Crowdfunding for Equity Solutions Series, #10: SEC Suggests – Bring Foreign Capital to the US via Crowdfunding

SEC suggests – Bring foreign capital to the US via crowd funding

By David Drake

 

Crowd funding had $1.5 billion in transactions in 2011.  Because of the attention being given to the crowd funding bill, we are looking at a $3.2 billion market in 2012.  Almost all of that projected market is currently happening outside crowd funding for equity transactions.  In this nascent industry, half of that projection is also from the production of US companies.  Now our holding firm, The Soho Loft, is proposing that we should export our expertise abroad.  The US Commerce department agrees.

 

At our first meeting with the SEC, we quickly learned there would only be one self-regulatory organization involved, FINRA. Shortly thereafter, we revamped CFIRA so part of it became a trade association (CFPA) while the acronym CFIRA was modified to mean the Crowd Fund Intermediary Regulatory Advocates.  This positioned our organization to actively lobby for a regulatory environment that would facilitate effective crowd funding for equity.

 

One of the topics we haven’t asked the SEC about during my last three visits is how do we get foreigners without social security numbers to place investments in the US? This is extremely difficult  when tracking investors is legally required. It seems logical to use an SSN for this, but there might be a more effective option. Our next conversation with the SEC will include this question, and I will highlight the recommendation that foreign investors should not be excluded.  We will ask the SEC to consider allowing foreign investors to invest with an Individual Taxpayer Identification Number (ITIN). The IRS passed an ITIN regulation on Dec. 17, 2003. It reads, in part:

 

“Foreign buyers and sellers of U.S. real property interests need Taxpayer Identification Numbers (TINs) to request reduced tax withholding when disposing of the property interest, and to pay any required withholding.

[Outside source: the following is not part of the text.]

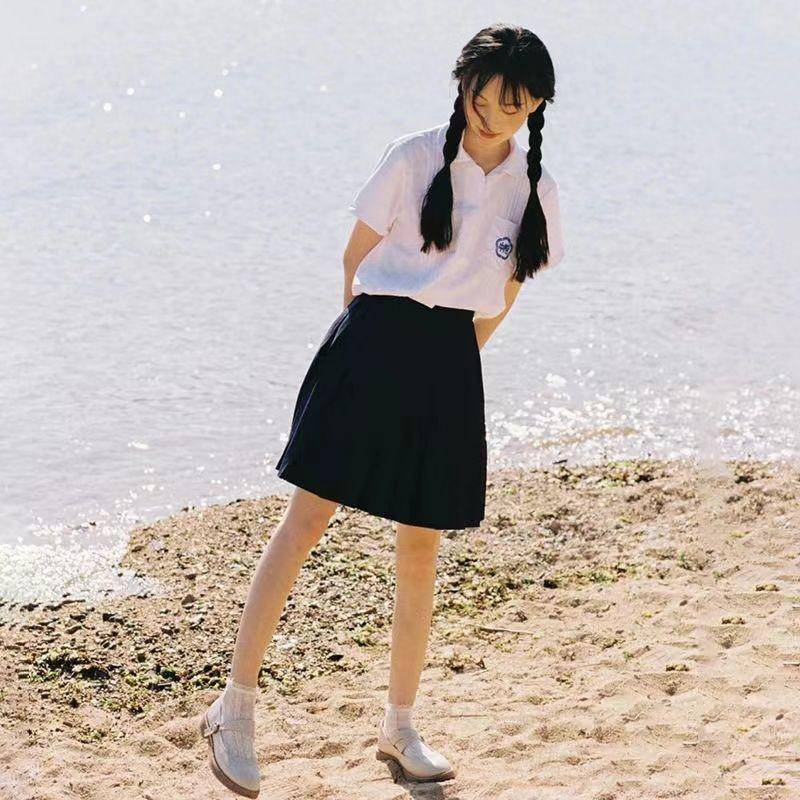 臺灣校服  套裝  附中學生  jk制服  白襯衫學院風國中高中生畢業班服夏季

Individuals who do not qualify for Social Security Numbers (SSN) may obtain Individual Taxpayer Identification Numbers (ITINs) to meet the requirement to supply a TIN.

 

The Internal Revenue Service implemented new procedures, effective December 17, 2003, to strengthen controls on ITINs and ensure the numbers are issued for tax administration purposes only.”

 

ITINs would help import capital to the US and brand US innovation and early-stage investment without having to do expensive road shows and face-to-face meetings.